Why the customer is not always right

Natalee Reynolds, Columnist

When I was 16, I got my first job working at my local Monical’s Pizza. I stayed there for two years waitressing, cooking, working drive thru and everything in between.

While working at Monical’s, I had my fair share of encounters with upset customers, overreacting customers and the ones who just think they know it all.

Of course, during this time, “the customer is always right” was drilled into my little developing brain, so I would always swallow my thoughts, grit my teeth and force a smile to show my well-trained professionalism to awful customers.

But after working in the food industry for a few years and now working in sales, I have come to terms that the customer is, in fact, not always right. Here’s why:

1. The customer is not an expert in your field of work.

I recently had an encounter with a customer who thought she knew more about the product that I was selling than what I knew about it. After a passive aggressive comment and a friendly, teeth-gritting explanation, she was still convinced she knew best. However, the truth is that she was simply utterly and completely wrong.

2. Most employees cannot bend rules for the customer, no matter what they think.

Unfortunately, there are some customers out there who are never satisfied—no matter what you do or don’t do. And sadly, most of the employees who work there and have to deal with these customers have to follow the rules because they have to. What I mean by this is even if the employee wanted to bend the rules, they usually don’t have the power/authority/code to actually do so. This is something some customers just don’t understand, so they are never happy no matter how dedicated you are to pleasing them (sometimes I wonder if they act this way towards their children or significant other, too).

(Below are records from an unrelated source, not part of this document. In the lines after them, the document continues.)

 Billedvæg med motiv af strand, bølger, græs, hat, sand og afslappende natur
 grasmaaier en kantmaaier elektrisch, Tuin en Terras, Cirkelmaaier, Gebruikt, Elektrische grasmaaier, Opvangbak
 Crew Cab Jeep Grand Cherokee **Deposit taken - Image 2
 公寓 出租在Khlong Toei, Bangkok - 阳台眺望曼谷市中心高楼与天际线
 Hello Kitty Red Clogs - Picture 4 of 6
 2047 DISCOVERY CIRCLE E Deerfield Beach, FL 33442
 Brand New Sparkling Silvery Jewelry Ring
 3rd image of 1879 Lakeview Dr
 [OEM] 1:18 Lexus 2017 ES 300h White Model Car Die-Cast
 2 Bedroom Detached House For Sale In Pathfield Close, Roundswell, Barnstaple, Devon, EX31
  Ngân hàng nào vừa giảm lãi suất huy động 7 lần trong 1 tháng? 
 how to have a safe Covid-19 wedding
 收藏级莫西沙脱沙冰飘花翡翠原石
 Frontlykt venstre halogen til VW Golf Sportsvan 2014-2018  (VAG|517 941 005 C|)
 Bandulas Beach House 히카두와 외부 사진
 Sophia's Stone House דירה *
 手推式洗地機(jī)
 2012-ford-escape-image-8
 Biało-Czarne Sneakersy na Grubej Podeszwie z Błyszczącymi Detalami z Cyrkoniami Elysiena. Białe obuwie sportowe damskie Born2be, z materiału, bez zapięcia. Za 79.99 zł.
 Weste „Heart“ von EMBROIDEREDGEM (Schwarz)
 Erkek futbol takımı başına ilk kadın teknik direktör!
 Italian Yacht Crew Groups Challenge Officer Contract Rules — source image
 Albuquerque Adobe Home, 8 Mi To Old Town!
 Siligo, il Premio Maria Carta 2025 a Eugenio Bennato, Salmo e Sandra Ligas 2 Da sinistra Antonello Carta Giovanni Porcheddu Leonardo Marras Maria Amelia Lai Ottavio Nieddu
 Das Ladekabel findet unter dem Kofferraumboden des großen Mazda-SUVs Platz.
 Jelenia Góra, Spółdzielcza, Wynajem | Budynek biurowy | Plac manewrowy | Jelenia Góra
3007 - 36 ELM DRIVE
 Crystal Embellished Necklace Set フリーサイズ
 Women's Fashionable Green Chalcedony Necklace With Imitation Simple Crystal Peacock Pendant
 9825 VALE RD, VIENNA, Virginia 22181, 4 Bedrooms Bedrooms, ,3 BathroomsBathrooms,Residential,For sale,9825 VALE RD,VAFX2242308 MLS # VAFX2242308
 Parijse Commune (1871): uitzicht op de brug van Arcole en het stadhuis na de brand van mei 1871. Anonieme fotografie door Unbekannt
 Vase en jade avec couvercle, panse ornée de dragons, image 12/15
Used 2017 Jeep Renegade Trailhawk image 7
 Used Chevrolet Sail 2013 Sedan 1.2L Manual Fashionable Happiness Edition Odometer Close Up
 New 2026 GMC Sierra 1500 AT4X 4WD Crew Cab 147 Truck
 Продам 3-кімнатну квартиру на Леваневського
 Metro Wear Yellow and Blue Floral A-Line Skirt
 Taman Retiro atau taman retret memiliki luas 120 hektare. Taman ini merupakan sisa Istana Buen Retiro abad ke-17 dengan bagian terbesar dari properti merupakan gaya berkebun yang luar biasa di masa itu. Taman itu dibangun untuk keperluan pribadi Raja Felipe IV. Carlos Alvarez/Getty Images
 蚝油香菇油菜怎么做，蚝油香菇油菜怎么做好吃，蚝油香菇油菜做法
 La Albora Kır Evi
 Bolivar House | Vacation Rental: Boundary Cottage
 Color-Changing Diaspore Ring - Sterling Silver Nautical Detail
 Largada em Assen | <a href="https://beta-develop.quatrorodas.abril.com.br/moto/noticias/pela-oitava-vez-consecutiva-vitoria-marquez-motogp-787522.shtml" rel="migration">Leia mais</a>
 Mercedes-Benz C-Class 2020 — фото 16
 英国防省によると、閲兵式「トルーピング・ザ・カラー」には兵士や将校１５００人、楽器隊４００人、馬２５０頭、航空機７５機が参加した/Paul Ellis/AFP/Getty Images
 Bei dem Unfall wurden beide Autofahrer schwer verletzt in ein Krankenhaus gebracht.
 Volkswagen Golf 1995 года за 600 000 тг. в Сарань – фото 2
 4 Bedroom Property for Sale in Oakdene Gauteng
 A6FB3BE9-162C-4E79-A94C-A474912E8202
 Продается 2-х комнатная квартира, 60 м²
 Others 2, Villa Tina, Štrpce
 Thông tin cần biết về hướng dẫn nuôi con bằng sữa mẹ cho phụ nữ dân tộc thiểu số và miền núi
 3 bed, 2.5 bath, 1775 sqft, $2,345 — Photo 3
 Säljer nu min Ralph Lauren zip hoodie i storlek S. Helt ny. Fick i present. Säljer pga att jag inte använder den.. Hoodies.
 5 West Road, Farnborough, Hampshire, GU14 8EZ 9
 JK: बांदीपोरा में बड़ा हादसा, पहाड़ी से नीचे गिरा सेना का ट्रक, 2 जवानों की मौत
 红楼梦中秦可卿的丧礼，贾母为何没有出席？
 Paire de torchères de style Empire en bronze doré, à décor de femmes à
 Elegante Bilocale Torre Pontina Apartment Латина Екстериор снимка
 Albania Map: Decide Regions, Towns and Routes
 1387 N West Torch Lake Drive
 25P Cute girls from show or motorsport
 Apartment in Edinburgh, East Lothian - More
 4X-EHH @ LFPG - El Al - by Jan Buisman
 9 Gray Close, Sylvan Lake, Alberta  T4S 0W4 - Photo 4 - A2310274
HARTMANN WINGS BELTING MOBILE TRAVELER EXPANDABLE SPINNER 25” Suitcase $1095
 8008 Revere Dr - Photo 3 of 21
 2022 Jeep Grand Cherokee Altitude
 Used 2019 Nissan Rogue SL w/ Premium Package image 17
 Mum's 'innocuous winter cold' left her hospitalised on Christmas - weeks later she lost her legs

3. Rude, know-it-all customers create bad experiences for everyone else.

Any time a customer starts causing a scene or overreacting about the 50-cent up-charge, it causes everyone around the situation to have a bad experience almost every time. There are those occasional times that a good customer will help out the employee and call out the rude guy for being ridiculous, but most of the time it puts a damper on everyone’s parade.

After the drilling of “the customer is always right,” I have come up with my own (unoriginal) slogan: “The customer is not always right.” Drilling the original slogan into employees’ brains causes them to allow ridiculous, demanding customers to be right in every situation without question.

And I think that needs to be seriously reevaluated.

Yes, we can learn from rude customers because it helps us grow as current and future employees. However, sometimes it’s OK to say that the customer isn’t always right.